Hamilton was Manchester area delegate of the Actors’ Association and in 1921 gave his address as 23 Dulcie-street, Oxford-road, Manchester. Their son, John Rutland Hamilton, born 20 June 1922.
In 1923 Hamilton was a member of the Sember Stock co., appearing at the Grand Theatre, Hartlepool, who made memorable appearances in “Ignorance” and “From Mill to Mansion”.
In March 1925, Hamilton and “Miss Edith Rutland” were again with the Graham Roberts’ company in Burnley for a new season which began with “A Woman of No Importance”.
The pair returned to the Grand, Derby, the following summer as leads for Oswald Cray’s The Popular Players, the season beginning with “The Silver King”. Hamilton was also the producer of the various shows at the Royal, Oldham, Sunderland, Edinburgh, Halifax and Middlesbrough and two seasons of 32 and 34 weeks at the Gaiety, Douglas, Isle of Man.
Towards the end of this period he concentrated on producing and directing, although he still enjoyed the occasional appearance on stage, his favourite parts being the Counsel for the Prosecution in “The Butterfly on the Wheel” and Sykes in “Oliver Twist”.
He put on a play of his own, “The Black Moth”, on 16 August 1926, a creepy tale set in an old Yorkshire manor house, around which an eerie legend grows.
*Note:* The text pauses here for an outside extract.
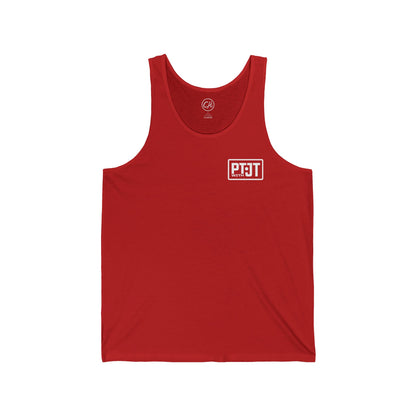 PT With JT - The Ultramarathon Unisex Running Tank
That week also featured a benefit night for Miss Edith Rutland. The singer was a hit as The Fairy Queen in “Rip Van Winkle” at the Grand, Douglas, during panto season in 1927-28. Around that time, Brother Hamilton was K.O.M. of the Isle of Man Province.
Hamilton’s play “The Black Moth” was revived in August 1928 and was followed by another mystery play “The Mist” (first produced at the Grand, Grantham, 8 August 1929) and “Murder in Number Four” (1934). A novelette, The Travers Hall Mystery, was published by Gramol in their Mystery Novels series in 1936.
In 1939, Hamilton was working as a qualified optician and living at 35 Parliament Drive, Bury, Lancashire, with his wife and son. It would seem he moved to the Isle of Man after the war, and was working as an accountant there in 1952; he was subsequently a member of the clergy for Foxton parish, Isle of Man, 1964-66.
Hamilton died on the Isle of Man in 1967, reported as aged 79. It is thought that Edith predeceased him, dying in 1955, aged 50. John Rutland Hamilton died in Manchester, Lancashire, in 1969.